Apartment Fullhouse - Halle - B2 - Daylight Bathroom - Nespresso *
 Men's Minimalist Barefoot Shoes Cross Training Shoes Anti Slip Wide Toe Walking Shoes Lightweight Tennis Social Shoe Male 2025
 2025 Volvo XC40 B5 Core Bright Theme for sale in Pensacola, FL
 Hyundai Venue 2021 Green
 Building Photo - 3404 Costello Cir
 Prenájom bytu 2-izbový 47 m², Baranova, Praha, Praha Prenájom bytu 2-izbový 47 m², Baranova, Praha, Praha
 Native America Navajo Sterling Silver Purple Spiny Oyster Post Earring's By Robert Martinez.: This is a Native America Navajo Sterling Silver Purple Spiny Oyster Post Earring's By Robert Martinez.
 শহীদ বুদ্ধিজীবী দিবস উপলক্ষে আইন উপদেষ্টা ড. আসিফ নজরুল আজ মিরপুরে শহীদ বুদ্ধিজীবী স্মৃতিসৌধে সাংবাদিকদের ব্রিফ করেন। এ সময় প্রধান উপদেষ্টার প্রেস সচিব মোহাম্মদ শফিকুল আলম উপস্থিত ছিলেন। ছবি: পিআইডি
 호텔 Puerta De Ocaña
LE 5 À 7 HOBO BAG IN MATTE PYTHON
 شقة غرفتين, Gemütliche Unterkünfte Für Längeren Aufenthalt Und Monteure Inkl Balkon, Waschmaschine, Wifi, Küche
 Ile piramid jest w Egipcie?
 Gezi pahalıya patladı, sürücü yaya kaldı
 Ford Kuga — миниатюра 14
—————
== GOAL OF THE EXERCISE ==
When you restate the listing, keep each line identical to the original.

== COMPLETED TASK ==
Apartment Fullhouse - Halle - B2 - Daylight Bathroom - Nespresso *
 Men's Minimalist Barefoot Shoes Cross Training Shoes Anti Slip Wide Toe Walking Shoes Lightweight Tennis Social Shoe Male 2025
 2025 Volvo XC40 B5 Core Bright Theme for sale in Pensacola, FL
 Hyundai Venue 2021 Green
 Building Photo - 3404 Costello Cir
 Prenájom bytu 2-izbový 47 m², Baranova, Praha, Praha Prenájom bytu 2-izbový 47 m², Baranova, Praha, Praha
 Native America Navajo Sterling Silver Purple Spiny Oyster Post Earring's By Robert Martinez.: This is a Native America Navajo Sterling Silver Purple Spiny Oyster Post Earring's By Robert Martinez.
 শহীদ বুদ্ধিজীবী দিবস উপলক্ষে আইন উপদেষ্টা ড. আসিফ নজরুল আজ মিরপুরে শহীদ বুদ্ধিজীবী স্মৃতিসৌধে সাংবাদিকদের ব্রিফ করেন। এ সময় প্রধান উপদেষ্টার প্রেস সচিব মোহাম্মদ শফিকুল আলম উপস্থিত ছিলেন। ছবি: পিআইডি
 호텔 Puerta De Ocaña
LE 5 À 7 HOBO BAG IN MATTE PYTHON
 شقة غرفتين, Gemütliche Unterkünfte Für Längeren Aufenthalt Und Monteure Inkl Balkon, Waschmaschine, Wifi, Küche
 Ile piramid jest w Egipcie?
 Gezi pahalıya patladı, sürücü yaya kaldı
 Ford Kuga — миниатюра 14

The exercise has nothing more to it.